Applying these principles to the facts, the court concludes, for reasons I will not recap here, that 35% of Konami’s profit on the infringing sales were attributable to the infringing “prize awarding feature with the proportional trigger” (see paras. 188-290).  The court then goes on to deduct, inter alia, the allocable fixed costs that Konami would have incurred from selling non-infringing products:

            373    I do not regard this as a case in which the alternative products would have generated a much smaller amount of revenue than the infringing products: cf. Kettle at 469. On the contrary, I am satisfied that had Konami used a different trigger in the 689 Games it would more likely than not have achieved sales not vastly different from those made using the proportional trigger. However, in circumstances where the proportional trigger had advantages over other triggers which, all other things being equal, may have led at least some venues not to purchase the alternative product, I think it is appropriate to make an adjustment in Aristocrat’s favour with the aim of ensuring that Konami accounts for the full profit it derived by selling the infringing products. Although the very large adjustment suggested by Aristocrat is not warranted, I do think that some meaningful adjustment is necessary which allows for the possibility that some not insignificant proportion of the sales actually made would not have been made if a different trigger had been used. In all the circumstances I am satisfied that it would be appropriate to reduce the overhead attributable to the infringing products by 20%.

Finally—and skipping over some details that are not essential to the purposes of the present post—the court, having considered the purportedly comparable licenses submitted by the parties, awards a royalty of $1,000 per unit for the NCCs (para. 562).  It declines to award enhanced damages, finding, inter alia, that the infringement was not “flagrant” (para. 571).  The total award, as determined at a follow-up order dated December 15, 2022, comes to $16,248,116 in profits, plus an additional $11,642,730 in interest; and $4,995,000 in damages plus another $3,014,008 in interest.

Anyway, though I will continue to mull over the implications of this decision in the coming weeks, I think the court ultimately arrives at the correct conclusionthat noninfringing alternatives are relevant to apportionmentwhile still adhering (as I assume it must) to the rule that “[t]he profits recoverable on an account of profits are not measured by reference to the difference between the profit actually made by the infringer as a result of its infringement and the profit it would have made had it adopted a non-infringing alternative.”  The only problem, as I see it, is that these two principles are contradictory.  As I wrote in 2013 (see my book, pp. 199-200):

            . . . suppose that Firm B earns a profit of $10,000 from sales of a gizmo that comprises ten components, one of which (Component #5) infringes Firm A’s patent.

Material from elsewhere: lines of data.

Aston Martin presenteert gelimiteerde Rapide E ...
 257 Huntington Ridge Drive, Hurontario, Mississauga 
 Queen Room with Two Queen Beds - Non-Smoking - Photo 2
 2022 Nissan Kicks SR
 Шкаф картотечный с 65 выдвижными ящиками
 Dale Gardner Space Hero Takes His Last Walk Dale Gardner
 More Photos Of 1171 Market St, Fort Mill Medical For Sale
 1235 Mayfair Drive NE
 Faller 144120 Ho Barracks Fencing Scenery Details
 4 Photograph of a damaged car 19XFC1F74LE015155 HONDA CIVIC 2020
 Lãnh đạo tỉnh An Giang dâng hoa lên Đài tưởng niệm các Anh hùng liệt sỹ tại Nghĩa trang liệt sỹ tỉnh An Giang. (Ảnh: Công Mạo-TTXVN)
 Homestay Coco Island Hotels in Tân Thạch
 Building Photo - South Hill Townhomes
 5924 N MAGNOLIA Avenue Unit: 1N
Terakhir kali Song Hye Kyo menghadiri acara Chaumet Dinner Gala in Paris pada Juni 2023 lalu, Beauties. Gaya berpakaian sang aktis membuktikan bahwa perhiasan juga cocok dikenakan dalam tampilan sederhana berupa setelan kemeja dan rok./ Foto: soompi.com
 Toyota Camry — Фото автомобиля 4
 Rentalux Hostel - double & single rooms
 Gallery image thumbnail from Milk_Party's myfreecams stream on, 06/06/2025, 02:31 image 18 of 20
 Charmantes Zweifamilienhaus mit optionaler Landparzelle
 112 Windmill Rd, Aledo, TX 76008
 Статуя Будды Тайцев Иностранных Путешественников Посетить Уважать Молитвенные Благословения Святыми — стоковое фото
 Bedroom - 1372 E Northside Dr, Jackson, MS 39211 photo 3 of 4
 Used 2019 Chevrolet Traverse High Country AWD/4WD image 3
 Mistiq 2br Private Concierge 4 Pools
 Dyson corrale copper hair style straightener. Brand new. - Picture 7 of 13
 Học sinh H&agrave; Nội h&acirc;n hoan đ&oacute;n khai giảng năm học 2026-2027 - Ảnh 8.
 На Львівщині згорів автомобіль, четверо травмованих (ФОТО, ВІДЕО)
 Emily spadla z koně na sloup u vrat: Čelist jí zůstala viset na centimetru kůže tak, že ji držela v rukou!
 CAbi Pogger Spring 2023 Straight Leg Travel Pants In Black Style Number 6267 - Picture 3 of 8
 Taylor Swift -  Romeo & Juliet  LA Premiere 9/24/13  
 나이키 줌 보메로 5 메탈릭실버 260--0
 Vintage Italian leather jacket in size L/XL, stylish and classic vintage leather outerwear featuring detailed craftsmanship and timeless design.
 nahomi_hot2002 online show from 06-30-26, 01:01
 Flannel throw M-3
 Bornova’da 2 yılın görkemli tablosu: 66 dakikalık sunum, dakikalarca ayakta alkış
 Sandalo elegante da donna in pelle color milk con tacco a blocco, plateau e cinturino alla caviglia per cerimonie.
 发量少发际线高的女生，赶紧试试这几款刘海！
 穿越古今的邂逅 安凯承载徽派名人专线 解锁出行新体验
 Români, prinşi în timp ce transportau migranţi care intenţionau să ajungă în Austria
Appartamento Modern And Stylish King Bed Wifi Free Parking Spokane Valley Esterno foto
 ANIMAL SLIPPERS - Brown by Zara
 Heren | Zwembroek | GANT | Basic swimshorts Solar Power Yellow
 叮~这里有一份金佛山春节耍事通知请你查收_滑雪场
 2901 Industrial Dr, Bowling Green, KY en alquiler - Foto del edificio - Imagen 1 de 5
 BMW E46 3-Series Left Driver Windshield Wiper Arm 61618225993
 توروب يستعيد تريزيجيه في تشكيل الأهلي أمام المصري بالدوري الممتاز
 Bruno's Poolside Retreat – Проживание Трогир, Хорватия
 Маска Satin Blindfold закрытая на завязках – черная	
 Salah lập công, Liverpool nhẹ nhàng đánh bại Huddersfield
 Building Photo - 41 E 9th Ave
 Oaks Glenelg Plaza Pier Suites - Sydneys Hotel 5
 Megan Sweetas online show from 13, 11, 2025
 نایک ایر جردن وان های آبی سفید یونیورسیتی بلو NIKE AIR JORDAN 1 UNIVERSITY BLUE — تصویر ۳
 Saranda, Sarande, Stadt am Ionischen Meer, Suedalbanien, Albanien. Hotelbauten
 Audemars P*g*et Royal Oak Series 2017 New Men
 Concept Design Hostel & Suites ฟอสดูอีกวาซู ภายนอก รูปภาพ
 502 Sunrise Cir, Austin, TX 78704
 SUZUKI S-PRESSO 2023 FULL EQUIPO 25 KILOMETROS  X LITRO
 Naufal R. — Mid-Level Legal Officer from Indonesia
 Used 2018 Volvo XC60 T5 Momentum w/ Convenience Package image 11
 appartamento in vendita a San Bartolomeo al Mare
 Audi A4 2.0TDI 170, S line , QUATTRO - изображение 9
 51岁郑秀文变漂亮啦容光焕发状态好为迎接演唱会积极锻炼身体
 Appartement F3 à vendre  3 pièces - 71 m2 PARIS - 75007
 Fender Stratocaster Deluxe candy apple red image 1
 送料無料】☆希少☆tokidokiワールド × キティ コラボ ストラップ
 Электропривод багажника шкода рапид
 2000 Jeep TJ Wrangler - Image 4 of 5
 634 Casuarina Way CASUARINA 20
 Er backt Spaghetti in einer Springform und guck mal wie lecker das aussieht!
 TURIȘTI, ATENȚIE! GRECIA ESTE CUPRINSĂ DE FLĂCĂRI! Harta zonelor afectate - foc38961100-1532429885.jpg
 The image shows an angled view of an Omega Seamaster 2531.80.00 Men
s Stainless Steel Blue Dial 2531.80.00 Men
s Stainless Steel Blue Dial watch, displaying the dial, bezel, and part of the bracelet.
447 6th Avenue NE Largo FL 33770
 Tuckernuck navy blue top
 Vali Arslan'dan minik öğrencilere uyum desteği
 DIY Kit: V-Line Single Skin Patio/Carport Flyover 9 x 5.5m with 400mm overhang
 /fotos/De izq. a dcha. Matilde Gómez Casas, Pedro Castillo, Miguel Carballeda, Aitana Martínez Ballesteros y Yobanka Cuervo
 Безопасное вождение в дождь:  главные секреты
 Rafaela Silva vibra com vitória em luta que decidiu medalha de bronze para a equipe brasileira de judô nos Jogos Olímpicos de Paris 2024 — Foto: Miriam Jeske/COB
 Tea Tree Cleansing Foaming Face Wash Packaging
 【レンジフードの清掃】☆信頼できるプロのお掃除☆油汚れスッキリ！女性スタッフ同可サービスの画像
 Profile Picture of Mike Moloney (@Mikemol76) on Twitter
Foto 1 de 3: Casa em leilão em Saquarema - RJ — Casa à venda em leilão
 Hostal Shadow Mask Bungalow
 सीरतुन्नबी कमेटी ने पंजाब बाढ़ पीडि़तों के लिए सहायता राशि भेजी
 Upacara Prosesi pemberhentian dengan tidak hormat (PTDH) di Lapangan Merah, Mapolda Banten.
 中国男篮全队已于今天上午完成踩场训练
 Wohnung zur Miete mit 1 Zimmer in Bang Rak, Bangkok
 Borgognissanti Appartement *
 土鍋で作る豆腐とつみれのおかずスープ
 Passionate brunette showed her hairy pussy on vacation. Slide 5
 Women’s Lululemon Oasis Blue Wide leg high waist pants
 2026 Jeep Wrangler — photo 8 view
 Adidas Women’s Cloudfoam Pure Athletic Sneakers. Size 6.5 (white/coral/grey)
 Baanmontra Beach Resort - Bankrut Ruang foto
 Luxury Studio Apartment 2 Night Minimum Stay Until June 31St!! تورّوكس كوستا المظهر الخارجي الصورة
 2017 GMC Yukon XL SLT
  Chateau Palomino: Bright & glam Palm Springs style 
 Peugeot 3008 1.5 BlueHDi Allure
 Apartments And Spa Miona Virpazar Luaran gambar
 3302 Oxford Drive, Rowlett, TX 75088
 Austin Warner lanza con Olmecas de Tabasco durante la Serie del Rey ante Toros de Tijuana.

The issue for the court is to determine how much of the $10,000 profit is attributable to Component #5. The correct economic answer to this question is the difference between the $10,000 profit Firm B actually earned and the profit Firm B would have earned had it not infringed. . . . [F]rom an economic perspective the correct way to go about estimating the profit Firm B would have earned had it not infringed would be to estimate Firm B’s profit had it resorted to the next-best alternative to Component #5—call it “Component #5A.” . . .

 

            Seen in this light, it is not clear how a court could both apportion the contribution of the infringing feature to a firm’s profits and ignore the existence of noninfringing alternatives. To ignore the existence of noninfringing alternatives in effect means that the court assumes, in the example above, that Component #5 is irreplaceable. If Component #5 were both irreplaceable and necessary to the functioning of gizmos, however, then absent the infringement Firm B would have sold no gizmos and rightly should disgorge the entire $10,000 profit; there should be no apportionment. . . . If, on the other hand, a gizmo that simply lacks Component #5 is both functional and marketable, one could try to estimate the profit Firm B would have earned from selling such gizmos and subtract that figure from $10,000. In principle, though, this simply means that the court is assuming that a gizmo without any counterpart to Component #5—rather than a gizmo containing Component #5A—is the next-best alternative to an end product including Component #5. Properly understood, then, apportionment and the relevance of noninfringing alternatives are inseparable concepts. Any attempt to apportion profits by, say, some estimate of the feature’s relative importance to the marketability of the end product, will necessarily imply something about the next-best noninfringing alternative, whether the analyst is aware of this implication or not.

One caveat I would make to the above today is that in some cases multiple components may all be essential to sales of the end product.  In cases involving standard-essential patents, for example, the end product may be unmarketable unless it incorporates all of the relevant SEPs, but you wouldn’t say that all of the profit the defendant earned from the sale of the end product is attributable to any one single SEP; and of course the royalty due for the infringement of any one SEP should be only a fraction of that profit, though determining exactly what that fraction is can be a difficult undertaking.  See, e.g., Norman V. Siebrasse & Thomas F. Cotter, The Value of the Standard, 101 Minn. L. Rev. 1159, 1198-1228 (2017).  In any event, if I’m understanding the facts of the present case correctly, the court actually did assume that, but for the infringement, the defendant would have sold a (slightly smaller) quantity of products incorporating some (not specifically identified) noninfringing Component #5A; and the outcome overall, assuming the correctness of the court’s factual analysis, is consistent with my view that you can’t do apportionment without, explicitly or implicitly, taking noninfringing alternatives into account.  With that, I wholeheartedly agree, though it would be nice if we didn’t have to go through so many unnecessary doctrinal hurdles to reach that result.